* **REQUIREMENT**
Reproduce the listing that follows in full. Omit its images.

* **THE DATA**
---+---

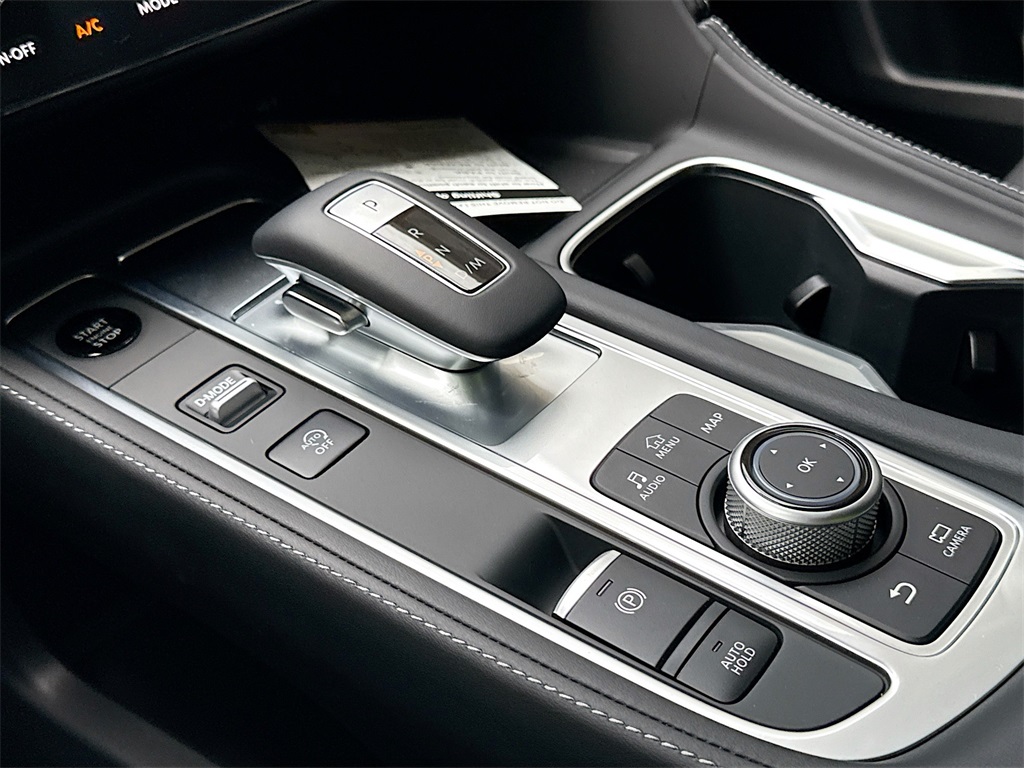 2026 Infiniti QX60 Pure photo 16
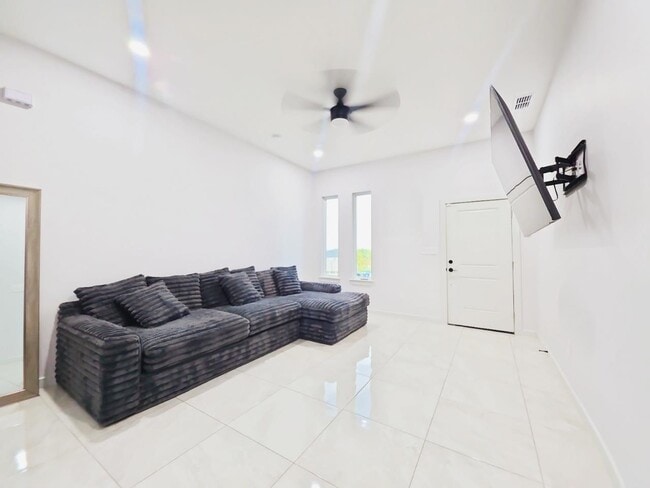 Foto del edificio - 2316 Mango Rd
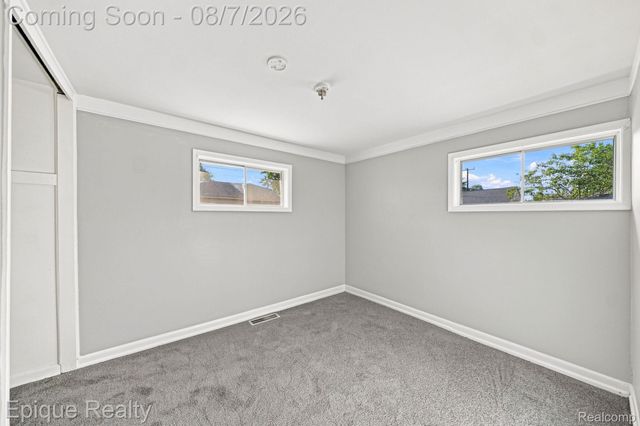 14589 Helen Street, Southgate, MI 48195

---+---

* **EXPECTED ANSWER**
 2026 Infiniti QX60 Pure photo 16
 Foto del edificio - 2316 Mango Rd
 14589 Helen Street, Southgate, MI 48195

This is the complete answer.